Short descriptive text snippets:
—————
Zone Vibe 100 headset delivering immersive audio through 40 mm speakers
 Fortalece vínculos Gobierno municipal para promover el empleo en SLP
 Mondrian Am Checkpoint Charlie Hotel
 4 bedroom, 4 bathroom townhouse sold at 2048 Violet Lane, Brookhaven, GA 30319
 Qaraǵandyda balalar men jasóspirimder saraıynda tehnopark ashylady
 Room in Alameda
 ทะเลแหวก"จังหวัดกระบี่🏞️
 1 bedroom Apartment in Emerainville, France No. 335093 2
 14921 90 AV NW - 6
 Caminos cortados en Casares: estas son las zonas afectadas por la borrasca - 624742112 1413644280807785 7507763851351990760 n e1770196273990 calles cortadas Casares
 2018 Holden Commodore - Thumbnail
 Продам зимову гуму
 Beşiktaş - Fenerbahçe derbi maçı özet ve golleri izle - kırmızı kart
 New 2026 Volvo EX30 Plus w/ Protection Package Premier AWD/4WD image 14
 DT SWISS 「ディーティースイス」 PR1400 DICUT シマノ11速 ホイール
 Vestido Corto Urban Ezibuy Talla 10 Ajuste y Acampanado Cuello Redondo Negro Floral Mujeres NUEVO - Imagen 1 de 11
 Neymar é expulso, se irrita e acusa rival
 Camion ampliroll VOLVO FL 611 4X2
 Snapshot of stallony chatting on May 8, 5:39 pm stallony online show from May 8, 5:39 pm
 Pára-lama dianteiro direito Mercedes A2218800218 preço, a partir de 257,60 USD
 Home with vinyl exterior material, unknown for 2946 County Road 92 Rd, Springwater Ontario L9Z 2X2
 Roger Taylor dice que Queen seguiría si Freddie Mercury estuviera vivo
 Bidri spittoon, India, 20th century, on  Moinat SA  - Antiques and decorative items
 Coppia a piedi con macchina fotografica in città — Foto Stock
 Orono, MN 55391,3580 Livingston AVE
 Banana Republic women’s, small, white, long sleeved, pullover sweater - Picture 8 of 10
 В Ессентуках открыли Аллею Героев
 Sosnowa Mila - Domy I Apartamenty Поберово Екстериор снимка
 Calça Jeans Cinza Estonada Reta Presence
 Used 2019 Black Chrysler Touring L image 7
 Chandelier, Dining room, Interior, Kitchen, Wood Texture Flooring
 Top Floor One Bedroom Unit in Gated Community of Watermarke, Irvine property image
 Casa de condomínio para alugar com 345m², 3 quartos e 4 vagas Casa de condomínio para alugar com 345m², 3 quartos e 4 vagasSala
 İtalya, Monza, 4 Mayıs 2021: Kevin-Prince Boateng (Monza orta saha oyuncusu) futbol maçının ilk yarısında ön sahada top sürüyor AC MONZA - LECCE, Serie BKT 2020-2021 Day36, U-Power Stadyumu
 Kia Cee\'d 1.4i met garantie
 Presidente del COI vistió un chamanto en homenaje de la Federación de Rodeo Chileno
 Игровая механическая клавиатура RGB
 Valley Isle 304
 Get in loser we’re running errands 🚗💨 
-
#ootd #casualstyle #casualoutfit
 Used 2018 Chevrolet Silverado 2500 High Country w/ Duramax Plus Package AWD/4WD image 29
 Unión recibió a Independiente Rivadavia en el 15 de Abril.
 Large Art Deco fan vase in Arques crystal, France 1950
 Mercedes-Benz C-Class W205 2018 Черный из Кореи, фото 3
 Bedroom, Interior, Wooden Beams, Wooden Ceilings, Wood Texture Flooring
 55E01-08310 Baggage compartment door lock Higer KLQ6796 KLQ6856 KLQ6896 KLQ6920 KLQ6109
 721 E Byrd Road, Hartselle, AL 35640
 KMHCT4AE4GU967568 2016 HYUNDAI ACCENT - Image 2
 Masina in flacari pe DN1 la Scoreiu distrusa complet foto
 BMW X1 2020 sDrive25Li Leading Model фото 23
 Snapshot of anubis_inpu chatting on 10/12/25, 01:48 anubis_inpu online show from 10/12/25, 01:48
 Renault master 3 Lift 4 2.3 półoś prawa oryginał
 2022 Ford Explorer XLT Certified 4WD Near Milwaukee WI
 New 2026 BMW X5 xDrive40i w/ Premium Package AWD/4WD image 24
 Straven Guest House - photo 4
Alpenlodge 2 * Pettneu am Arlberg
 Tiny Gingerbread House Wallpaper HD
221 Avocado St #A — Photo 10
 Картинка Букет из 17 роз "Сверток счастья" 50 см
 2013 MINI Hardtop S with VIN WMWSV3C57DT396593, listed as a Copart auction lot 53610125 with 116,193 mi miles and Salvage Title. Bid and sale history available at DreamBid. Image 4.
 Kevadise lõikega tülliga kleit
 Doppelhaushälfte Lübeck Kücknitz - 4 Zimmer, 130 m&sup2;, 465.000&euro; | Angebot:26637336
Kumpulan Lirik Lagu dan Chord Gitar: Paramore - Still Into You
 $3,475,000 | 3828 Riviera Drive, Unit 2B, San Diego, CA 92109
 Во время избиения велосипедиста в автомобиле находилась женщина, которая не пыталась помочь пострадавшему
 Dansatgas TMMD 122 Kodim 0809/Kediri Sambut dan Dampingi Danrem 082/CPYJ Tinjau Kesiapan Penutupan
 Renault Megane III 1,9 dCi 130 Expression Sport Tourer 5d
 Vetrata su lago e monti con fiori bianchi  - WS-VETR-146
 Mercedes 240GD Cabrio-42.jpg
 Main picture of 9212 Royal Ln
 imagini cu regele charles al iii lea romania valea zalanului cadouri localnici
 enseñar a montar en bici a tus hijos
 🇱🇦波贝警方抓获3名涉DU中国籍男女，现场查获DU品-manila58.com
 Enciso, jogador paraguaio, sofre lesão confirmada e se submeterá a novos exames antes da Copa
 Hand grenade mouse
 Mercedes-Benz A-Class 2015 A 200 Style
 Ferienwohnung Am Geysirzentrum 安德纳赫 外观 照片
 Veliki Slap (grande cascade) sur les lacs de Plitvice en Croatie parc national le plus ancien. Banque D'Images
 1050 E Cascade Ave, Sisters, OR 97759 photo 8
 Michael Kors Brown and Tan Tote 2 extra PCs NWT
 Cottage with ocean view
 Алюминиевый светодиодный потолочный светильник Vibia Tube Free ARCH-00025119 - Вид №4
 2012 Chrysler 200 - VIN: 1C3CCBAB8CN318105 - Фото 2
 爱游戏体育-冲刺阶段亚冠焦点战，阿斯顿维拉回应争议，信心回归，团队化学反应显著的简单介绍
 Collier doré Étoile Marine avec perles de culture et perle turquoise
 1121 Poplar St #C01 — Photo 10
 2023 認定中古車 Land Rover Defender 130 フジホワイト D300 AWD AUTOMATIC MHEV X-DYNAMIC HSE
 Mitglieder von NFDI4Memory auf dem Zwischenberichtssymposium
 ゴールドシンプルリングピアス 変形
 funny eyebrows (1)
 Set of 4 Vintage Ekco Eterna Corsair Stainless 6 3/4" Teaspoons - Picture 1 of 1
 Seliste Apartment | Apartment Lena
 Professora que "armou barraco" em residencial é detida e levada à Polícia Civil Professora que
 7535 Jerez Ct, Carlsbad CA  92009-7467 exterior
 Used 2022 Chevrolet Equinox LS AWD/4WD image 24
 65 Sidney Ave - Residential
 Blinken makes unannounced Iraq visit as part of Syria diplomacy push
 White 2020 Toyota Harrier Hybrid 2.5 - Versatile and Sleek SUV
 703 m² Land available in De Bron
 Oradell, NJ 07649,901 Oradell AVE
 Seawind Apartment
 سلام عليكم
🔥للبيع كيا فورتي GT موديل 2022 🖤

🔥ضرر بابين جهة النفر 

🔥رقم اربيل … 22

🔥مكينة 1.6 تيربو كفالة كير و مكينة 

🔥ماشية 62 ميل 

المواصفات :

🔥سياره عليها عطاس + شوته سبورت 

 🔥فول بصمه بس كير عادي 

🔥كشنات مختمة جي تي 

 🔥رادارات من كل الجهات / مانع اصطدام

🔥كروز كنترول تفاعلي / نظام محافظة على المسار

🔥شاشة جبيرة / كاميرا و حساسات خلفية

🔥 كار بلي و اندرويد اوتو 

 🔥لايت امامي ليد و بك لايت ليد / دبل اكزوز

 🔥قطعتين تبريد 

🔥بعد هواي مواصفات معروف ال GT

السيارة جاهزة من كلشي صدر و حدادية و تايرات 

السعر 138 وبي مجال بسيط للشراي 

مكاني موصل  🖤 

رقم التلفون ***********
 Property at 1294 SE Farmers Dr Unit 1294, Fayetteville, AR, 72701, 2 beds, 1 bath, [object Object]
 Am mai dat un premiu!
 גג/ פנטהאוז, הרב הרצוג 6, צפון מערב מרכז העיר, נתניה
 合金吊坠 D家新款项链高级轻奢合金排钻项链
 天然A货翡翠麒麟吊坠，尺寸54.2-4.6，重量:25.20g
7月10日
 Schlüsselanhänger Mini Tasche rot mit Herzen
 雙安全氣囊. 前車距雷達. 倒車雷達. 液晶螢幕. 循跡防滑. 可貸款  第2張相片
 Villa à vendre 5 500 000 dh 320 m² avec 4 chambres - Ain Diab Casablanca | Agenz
—————
Please retype the data exactly as it stands, from its first line down to the line that contains "Camion ampliroll VOLVO FL 611 4X2", then stop.

Zone Vibe 100 headset delivering immersive audio through 40 mm speakers
 Fortalece vínculos Gobierno municipal para promover el empleo en SLP
 Mondrian Am Checkpoint Charlie Hotel
 4 bedroom, 4 bathroom townhouse sold at 2048 Violet Lane, Brookhaven, GA 30319
 Qaraǵandyda balalar men jasóspirimder saraıynda tehnopark ashylady
 Room in Alameda
 ทะเลแหวก"จังหวัดกระบี่🏞️
 1 bedroom Apartment in Emerainville, France No. 335093 2
 14921 90 AV NW - 6
 Caminos cortados en Casares: estas son las zonas afectadas por la borrasca - 624742112 1413644280807785 7507763851351990760 n e1770196273990 calles cortadas Casares
 2018 Holden Commodore - Thumbnail
 Продам зимову гуму
 Beşiktaş - Fenerbahçe derbi maçı özet ve golleri izle - kırmızı kart
 New 2026 Volvo EX30 Plus w/ Protection Package Premier AWD/4WD image 14
 DT SWISS 「ディーティースイス」 PR1400 DICUT シマノ11速 ホイール
 Vestido Corto Urban Ezibuy Talla 10 Ajuste y Acampanado Cuello Redondo Negro Floral Mujeres NUEVO - Imagen 1 de 11
 Neymar é expulso, se irrita e acusa rival
 Camion ampliroll VOLVO FL 611 4X2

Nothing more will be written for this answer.